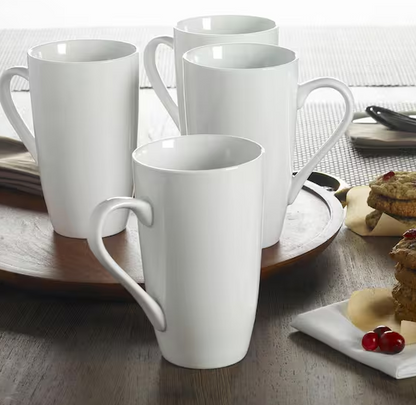 20 fl. oz. White Stoneware Latte Mug (Set of 4)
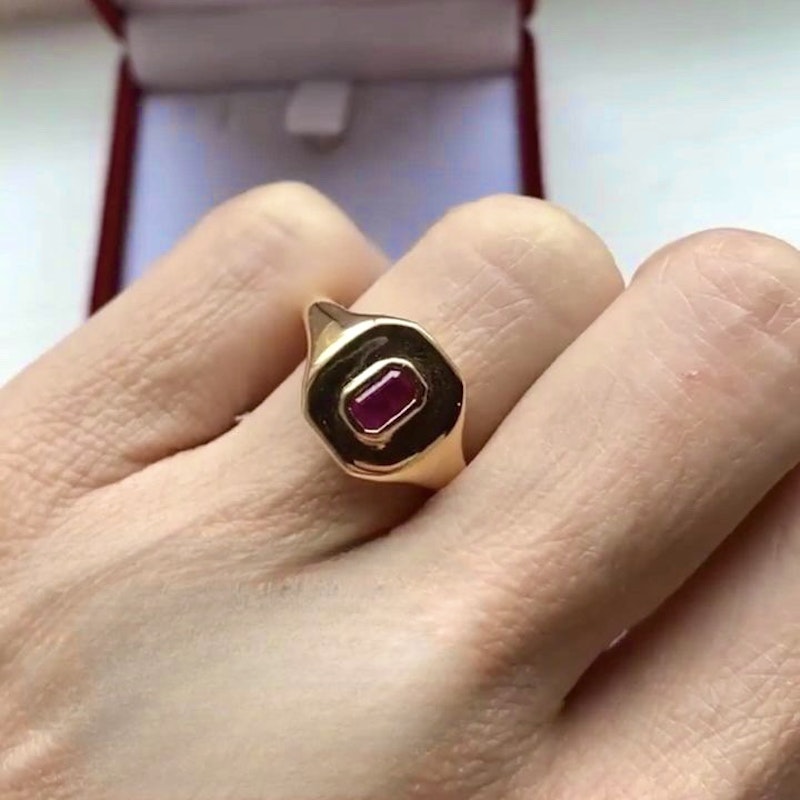 Shay Jewelry 18k Rose Gold Ruby Baguette Ring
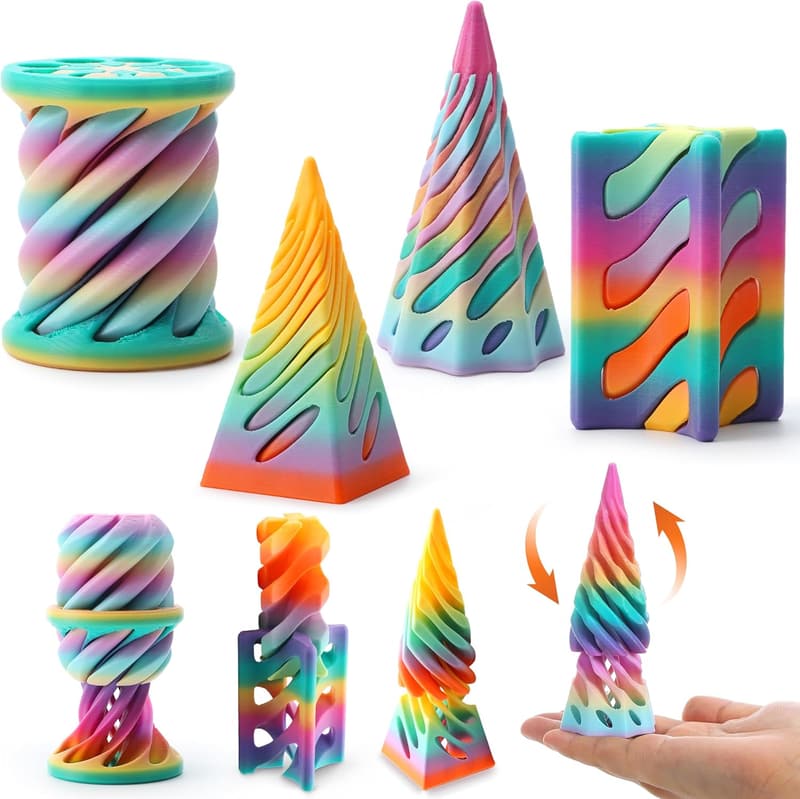 Pastel Spiral Cone Fidget Toys - 4 Pack for Stress Relief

□ □ □ □ □ □ □

Activity —
Write out exactly the lines from the line containing "Shay Jewelry 18k" through the last line of the listing above, please, and leave out any pictures.

Finished exercise —
 Shay Jewelry 18k Rose Gold Ruby Baguette Ring
 Pastel Spiral Cone Fidget Toys - 4 Pack for Stress Relief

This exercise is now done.